There is a cooperative law for agriculture, which led to the CPA (Agricultural Production Cooperatives) and to the CCS (Credit and Service Cooperative), but which is very limited in its scope, full of statist embers and where the tutelary practice of the government is what has prevailed up until now. Will this change?
Will the way in which private lands have been distributed continue the same way? Will this continue to be based on the decisions of an all-powerful lord named by the state in each municipality, without the participation of local bodies of People’s Power and without the opinions of the citizens?
In the official discourse around the “updating” [reforms], brimming with authoritarianism, they speak of the “bosses” of state enterprises. Bosses under socialism? Shouldn’t there be collective leadership? And shouldn’t the only “boss” be the work collective at a company or the social collective in a village or a town anywhere in the country
We are continuing to perceive a great deal of confusion which are not simple lexical gaps in language or missteps in the actions of the state in terms of relations of production and life under socialism.
There is no clarity as to why or how or what should be encouraged, or not, to promote socialism. There is uncertainty as to what is self-employment, private capitalism and a cooperative. The only thing that stands out is vulgar pragmatism aiming to “increase production and revenue for the state,” without carefully analyzing how to do this or what will be the social and strategic costs.
The emergence of a new elite
Of course “troubled waters benefit the fishermen,” who in this case are all those who are the emerging elite and hold much of the domestic wealth, mixed with the sweat of others and with the juicy businesses of the state or with the state, whose profits go into the pockets of bureaucrats and their protégés. A good example was the 13 million pesos (over a half million USD) in false billings for garlic, mentioned by Raul Castro; or the millions of dollars in fees and services obtained by some representatives of the state in major international businesses transactions consummated in the name of the Cuban government.
It still hasn’t been announced publicly what happened to the government’s exclusive negotiator with US companies that sold billions of dollars in food to Cuba. Pedro Alvarez, who was under investigation, “escaped” from the jails of Cuban State Security and fled “underground” to the United States.
Can anyone say what investigation was conducted, what it uncovered, how much was embezzled, how he managed to escape, where he went, who helped him or what sanctions were imposed on the perpetrators and their accomplices?
How long will official corruption enjoy impunity while much of the police force chases after poor blacks and mestizos supposedly “harassing tourists,” as if the main and true siege on tourists doesn’t come from the owner-state, the Lord and appropriator of all or nearly all?

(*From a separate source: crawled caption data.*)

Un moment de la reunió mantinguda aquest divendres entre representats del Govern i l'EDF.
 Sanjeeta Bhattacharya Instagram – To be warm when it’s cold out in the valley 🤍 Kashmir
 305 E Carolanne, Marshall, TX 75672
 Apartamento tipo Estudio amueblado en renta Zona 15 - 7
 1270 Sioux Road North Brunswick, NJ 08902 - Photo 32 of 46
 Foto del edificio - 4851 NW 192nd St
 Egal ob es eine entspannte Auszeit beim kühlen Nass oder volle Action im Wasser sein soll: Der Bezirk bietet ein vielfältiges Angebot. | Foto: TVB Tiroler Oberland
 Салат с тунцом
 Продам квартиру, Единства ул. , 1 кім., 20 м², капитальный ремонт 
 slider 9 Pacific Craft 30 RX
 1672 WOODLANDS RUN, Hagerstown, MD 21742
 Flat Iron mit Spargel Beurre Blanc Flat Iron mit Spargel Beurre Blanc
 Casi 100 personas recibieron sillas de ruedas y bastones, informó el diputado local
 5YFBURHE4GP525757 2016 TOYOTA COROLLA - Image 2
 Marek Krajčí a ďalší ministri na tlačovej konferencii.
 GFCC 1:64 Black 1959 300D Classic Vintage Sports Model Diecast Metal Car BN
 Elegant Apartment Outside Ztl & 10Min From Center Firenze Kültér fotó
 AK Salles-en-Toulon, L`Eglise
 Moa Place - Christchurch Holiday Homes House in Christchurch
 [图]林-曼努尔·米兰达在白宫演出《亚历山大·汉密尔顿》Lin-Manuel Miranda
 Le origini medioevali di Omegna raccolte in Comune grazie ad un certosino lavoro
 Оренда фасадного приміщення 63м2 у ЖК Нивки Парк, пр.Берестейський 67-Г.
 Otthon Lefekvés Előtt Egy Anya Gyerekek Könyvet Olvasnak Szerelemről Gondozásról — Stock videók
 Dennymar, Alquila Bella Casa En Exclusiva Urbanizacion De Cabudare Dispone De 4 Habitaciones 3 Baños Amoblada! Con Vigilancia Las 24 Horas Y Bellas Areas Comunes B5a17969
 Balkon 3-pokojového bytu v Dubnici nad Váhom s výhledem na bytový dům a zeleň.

But no. The wealthy don’t worry; they are willing to accept the current state of affairs. They can invest their millions of pesos in several repaired rental almendrones (taxis), in veritable haciendas that remind us of the semi-feudal past, in restaurants or in mansions for renting to foreigners.
What is being protected is official government corruption, the only one able to exist in Cuba since the state has been the master of everything and has created and fostered this bureaucratic mess, whereby all officials are appointed based on a top-down, stratified nomenclature with well-defined levels.
In a play on words on the slogan of a Cuban television program, does this ensure the “passage to the known”?
Has the piñata fiesta already begun?
Will the people of Cuba and the true and honest revolutionaries left in the party, the armed forces, the Interior Ministry and other institutions of power allow the revolution that has cost us so much to end this way?
Will we soon be the witnesses of a historic tragedy?